1740 Words Nov 13th, 2016 7 Pages
Defining Feminism
The authors have a differing approach toward the definition of feminism. In “You’re a Hardcore Feminist. I swear.” by Jillian Valenti, Valenti defines feminism by extracting an actual dictionary definition. Valenti’s feminism is the “Belief in the social, political, and economic equality of the sex”, followed by “the movement organized around this belief”, in other words, the movement toward the social and economic equality of men and women.
In “Feminism: A Movement to End Sexist Oppression”, bell hooks defines feminism in the very title. Throughout the reading, hooks continuously stresses the importance of intersectionality, and the feminist movement not just making women equal to men. Hooks defines feminism as a movement toward the dismantling of the patriarchy and focusing on the reality of all women, not just white, middle-class women.
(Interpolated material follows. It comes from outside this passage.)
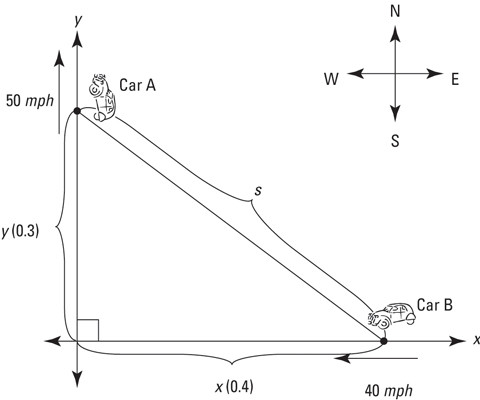 Study guide illustration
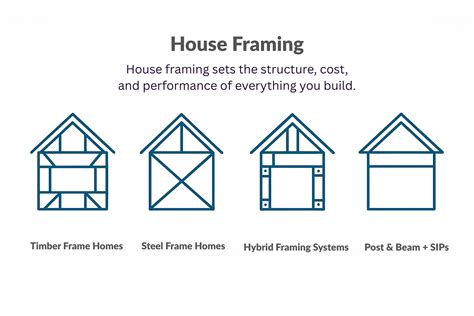 Types of Custom Framing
Hooks also emphasizes the need for feminism to focus on women who are most vulnerable and most negatively affected by capitalism and class structure.
In “Unpacking Transphobia in Feminism”, Emma Allen indirectly defines feminism as needing to be inclusionary for trans people, especially trans women, people of color, and people of lower class, and working toward destroying the systems that reinforce the different forms of oppression. Emma Allen especially focuses on eradicating transmisogyny, or the discrimination toward trans women and femmes, particularly in radical feminist spaces.